MANILA: Benchmark Dalian iron ore tumbled on Wednesday as commodities derivatives markets in China reopened after a four-day break, dragged lower by the prospect of weaker demand for the raw material in the world’s top steel producer.
Rising iron ore supply from Brazil, China’s second-biggest source of the steelmaking ingredient after Australia, also weighed on prices.
Iron ore for January delivery on China’s Dalian Commodity Exchange dropped as much as 6% to 606 yuan ($93.65) a tonne, its lowest since Nov. 26.
Dalian iron ore has dropped about 16% this year and lost as much as 51% since hitting a record peak in mid-May.
Any respite from sell-offs is unlikely to last long as attention turns to stronger Brazilian shipments, dwarfing a fall in Australian cargoes over the previous week, Atilla Widnell, managing director at Navigate Commodities in Singapore said.
On the Singapore Exchange, October iron ore rose 7.2% to $100.40 a tonne, after sinking by 8% on Monday amid concerns over risks faced by China’s property market from the Evergrande Group’s debt crisis.
Spot iron ore in China tumbled to $103 a tonne last week, the lowest in 14 months, based on SteelHome consultancy data.
“There is no relief on production cut pressure, as the government is asking more provinces around Beijing to cut their steel production to improve air quality ahead of the Winter Olympics next year,” ANZ senior commodity strategist Daniel Hynes said.
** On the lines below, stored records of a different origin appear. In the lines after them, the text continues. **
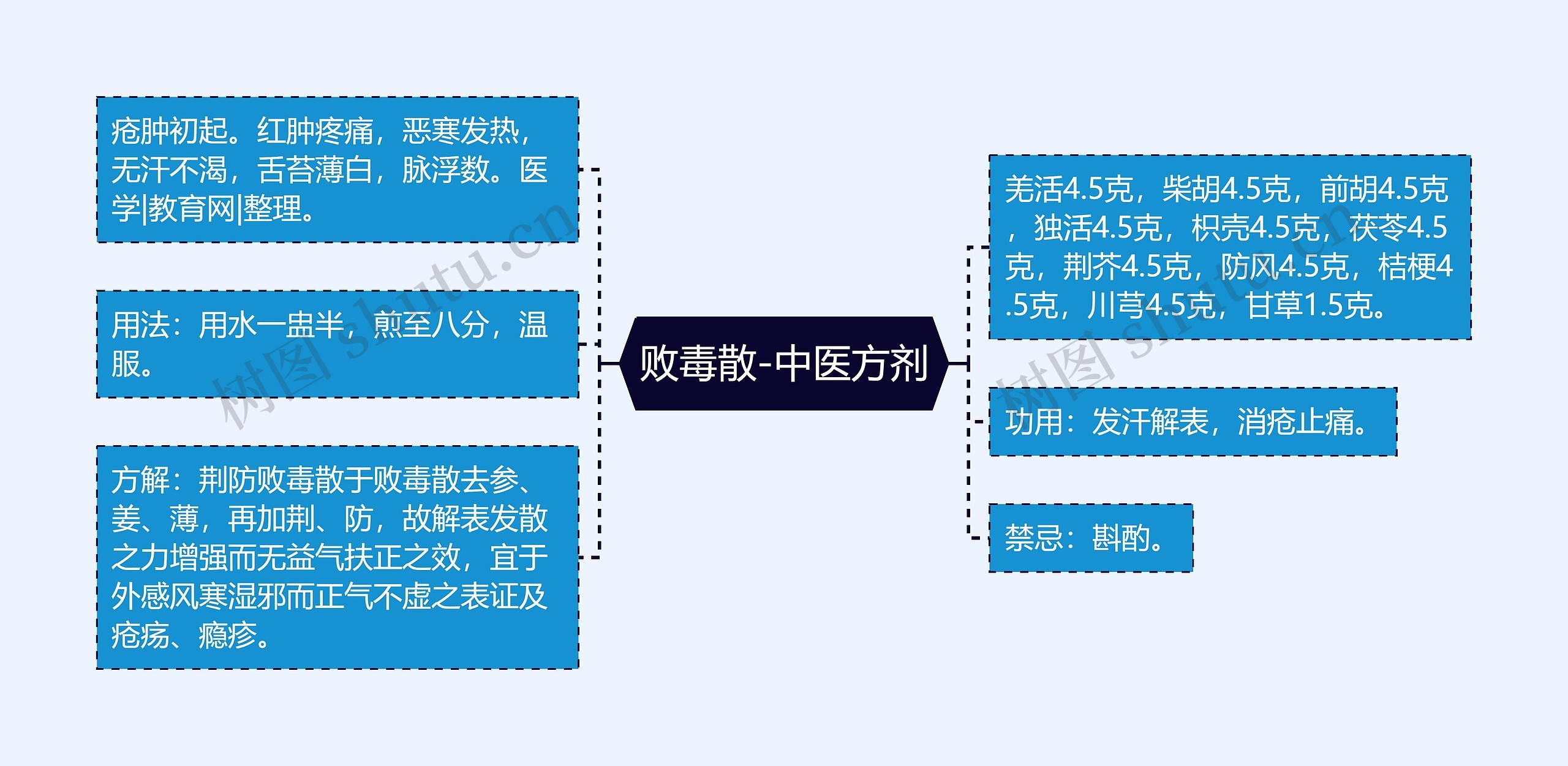 败毒散-中医方剂思维导图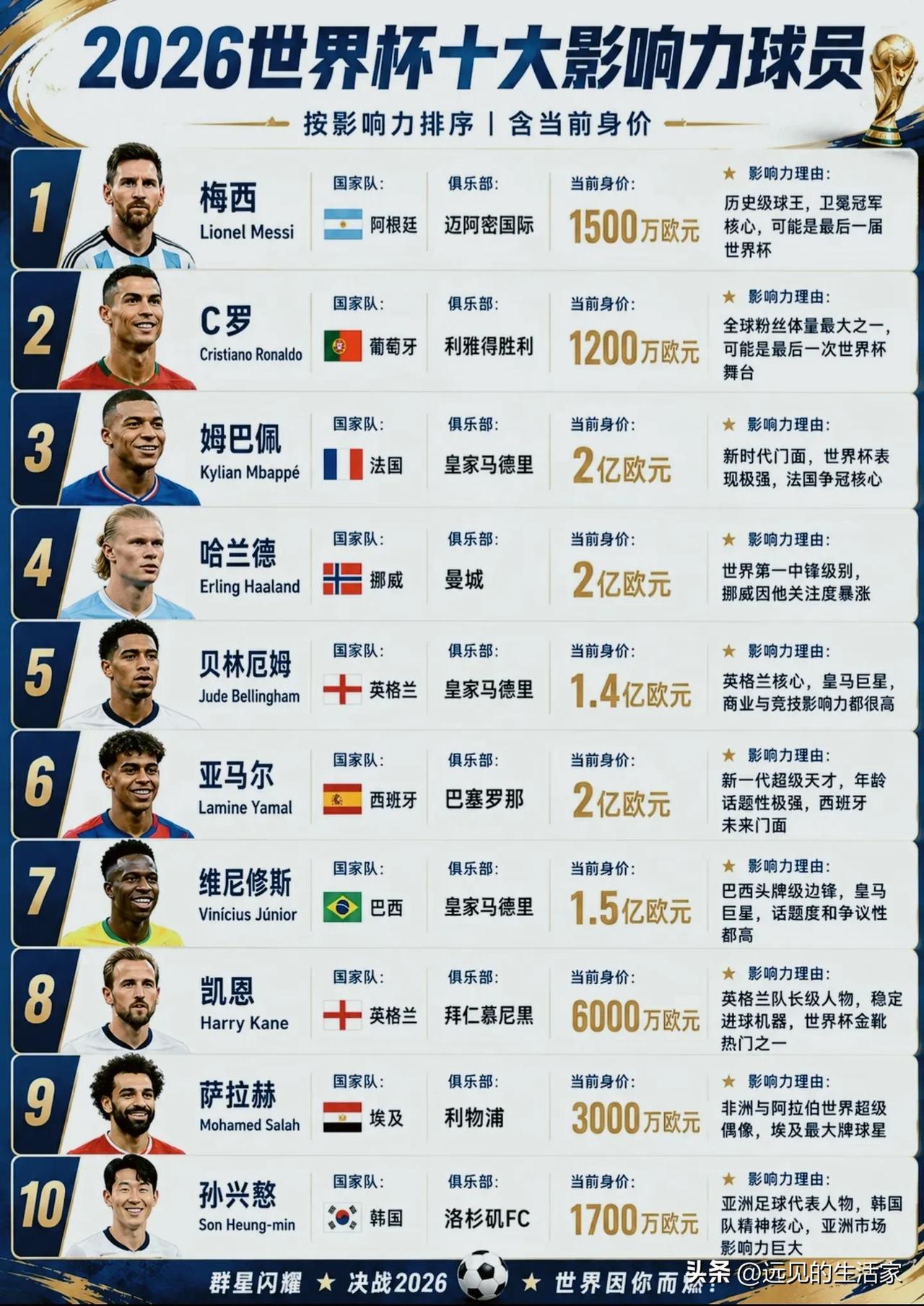 2026世界杯影响力榜：梅西C罗霸榜，身价≠话语权，这张榜单藏着足球的“双轨逻辑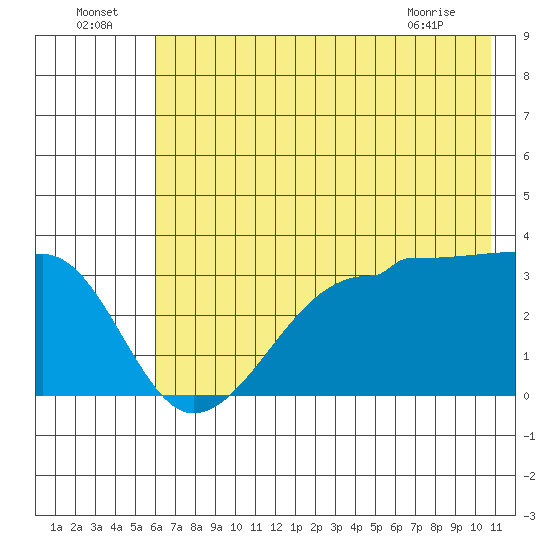 Chuginadak Island tide chart for Saturday, July 5, 2025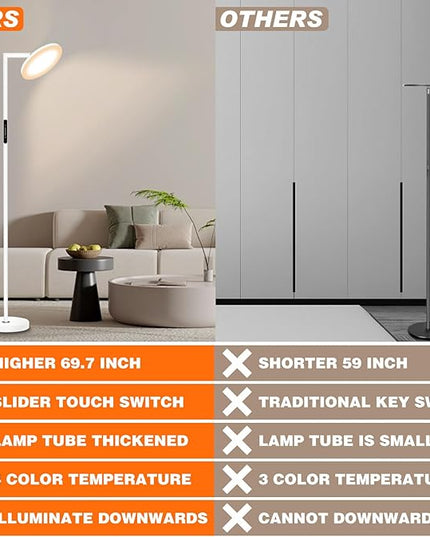 LED Floor Lamp for Living Room, 69" Tall Lamp with Remote & Touch Control Upgrade Lamp Pole Rotary 90° Dimmable Brightness 4 Color Tempera-White - LeafyLoom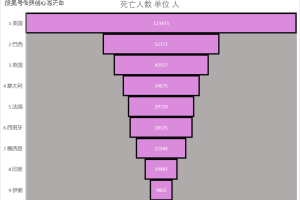 河南今日疫情最新情况-河南今日疫情图表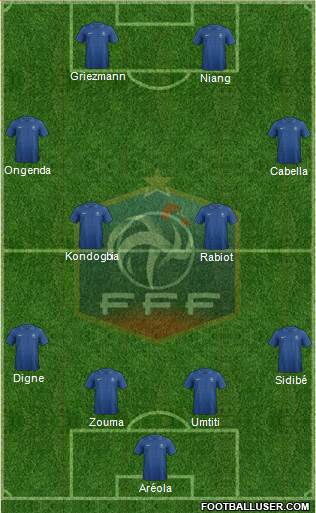 France Formation 2013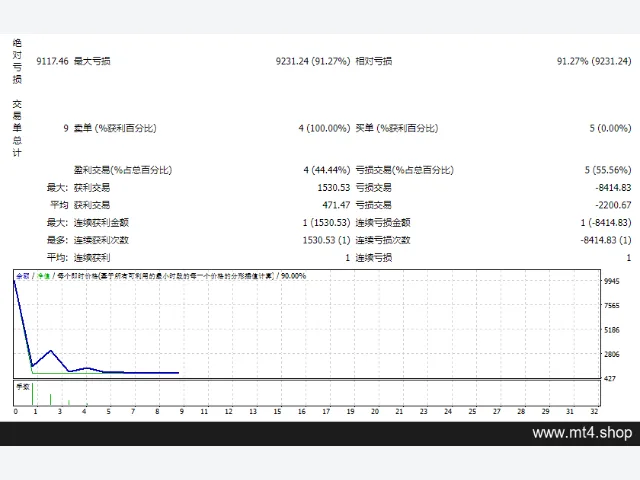 SV AIDA_v3_novosti.fix 图片 2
China’s output curbs aimed at reducing carbon emissions intensified last month, with top producer Hebei and Shandong provinces posting annual declines of more than 20%, according to industry data provider Mysteel.
Construction steel rebar on the Shanghai Futures Exchange was 0.8% higher by 0232 GMT, while hot-rolled coil slipped 0.5%. Stainless steel gained 2.3%. Dalian coking coal advanced 3.6% and coke climbed 4%.